On August 23, India’s award-winning online magazine The Wire took a look at how, “New Remdesivir Study Shows the Trouble With Bad Science.” On August 22, JAMA published an RCT of remdesivir for moderate COVID-19. The drug inhibits RNA enzymes needed for viruses to replicate, and is approved around the world for severe cases. The current study aims to expand this treatment to moderate cases of COVID-19. 584 patients from the US, Europe, and Asia with moderate disease were split into three treatment arms. Arm one got a ten-day course of remdesivir, arm two got a five-day course, and arm three got the “standard care” of antibiotics and steroids. Severity of COVID-19 was rated on a seven-point scale ranging from death (1) to “not hospitalized” (7). Participant’s clinical severity and also any side effects were rated at day 11.

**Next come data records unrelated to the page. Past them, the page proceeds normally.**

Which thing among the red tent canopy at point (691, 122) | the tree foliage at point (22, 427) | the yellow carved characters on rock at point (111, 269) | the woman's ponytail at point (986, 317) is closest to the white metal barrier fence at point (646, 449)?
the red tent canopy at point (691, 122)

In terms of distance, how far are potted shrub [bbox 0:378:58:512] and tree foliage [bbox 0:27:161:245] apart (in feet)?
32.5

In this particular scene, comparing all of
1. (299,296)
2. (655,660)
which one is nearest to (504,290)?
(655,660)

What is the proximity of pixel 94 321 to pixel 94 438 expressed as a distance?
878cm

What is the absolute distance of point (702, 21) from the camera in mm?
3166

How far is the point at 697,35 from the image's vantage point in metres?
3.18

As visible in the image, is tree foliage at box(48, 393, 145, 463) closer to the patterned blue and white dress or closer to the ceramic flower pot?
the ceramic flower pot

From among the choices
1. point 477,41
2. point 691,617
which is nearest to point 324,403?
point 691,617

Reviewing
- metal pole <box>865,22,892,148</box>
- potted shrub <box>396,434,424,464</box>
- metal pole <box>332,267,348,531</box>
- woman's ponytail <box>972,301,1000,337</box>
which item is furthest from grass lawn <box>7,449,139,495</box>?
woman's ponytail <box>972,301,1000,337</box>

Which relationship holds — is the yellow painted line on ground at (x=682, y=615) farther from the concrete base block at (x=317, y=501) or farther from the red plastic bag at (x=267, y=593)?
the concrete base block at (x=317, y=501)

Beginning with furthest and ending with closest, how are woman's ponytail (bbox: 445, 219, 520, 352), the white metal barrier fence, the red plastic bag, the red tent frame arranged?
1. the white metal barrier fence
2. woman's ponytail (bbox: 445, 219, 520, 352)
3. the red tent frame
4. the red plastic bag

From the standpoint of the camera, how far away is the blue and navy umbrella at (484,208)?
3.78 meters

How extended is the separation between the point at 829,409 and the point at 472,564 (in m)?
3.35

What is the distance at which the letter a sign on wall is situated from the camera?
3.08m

Five-Day Group Shows Benefit, Ten-Day Group Does Not
On day 11, the five-day remdesivir arm patients, “were 65% more likely to achieve better clinical scores than the standard care arm.” Under the same “yardstick,” the ten-day remdesivir arm showed “no benefit.” The researchers concluded that the five-day group must have had a, “significantly different clinical status than those receiving standard therapy, with uncertain clinical importance.” Several “red flags” appeared: first, the sponsor is remdesivir manufacturer Gilead Sciences Inc. Next, the endpoint is “unimpressive” in that odds of better clinical status, “is quite vague” relative to other, more clinically meaningful measurements like mortality, hospital stay, need for oxygen, etc. Exploratory endpoints of time to recovery or “time to improvement in clinical status” were not helped by remdesivir.
Positive Results “Highly Suspect”
Of the 584 subjects, 80-85% had a score of 5 (hospitalized but not on oxygen). It is not clear how previous trial end-points for testing with severe cases, “can be applied to patients with moderate disease.” Also, the trial’s premises are “questionable”: given that remdesivir is very expensive, and given that folks with moderate COVID-19 have a 1% mortality rate, “it is impossible to justify remdesivir’s use without evidence of concrete clinical benefit.” That this trial was allowed to report its results as positive, and in favor of remdesivir, is “highly suspect.” This trial captures what is wrong with, “trials funded by the pharmaceutical industry in the context of the COVID-19 pandemic.” Using an ambiguous endpoint and a patient group that might not need treatment means, “this trial bears all the hallmarks of bad science.” The lack of response in the ten-day group is hard to make sense of. Since the three arms had “comparable characteristics” and the trial was randomized, “the benefit of remdesivir should have been apparent in both arms, not just one.”
The lead authors of the JAMA study are Christoph D. Spinner, MD, Technical University of Munich, School of Medicine, University Hospital Rechts der Isar, Munich, Germany; Robert L. Gottlieb, MD, PhD, Baylor University Medical Center, Dallas, Texas; and Gerard J. Criner, MD, Lewis Katz School of Medicine at Temple University, Philadelphia, Pennsylvania.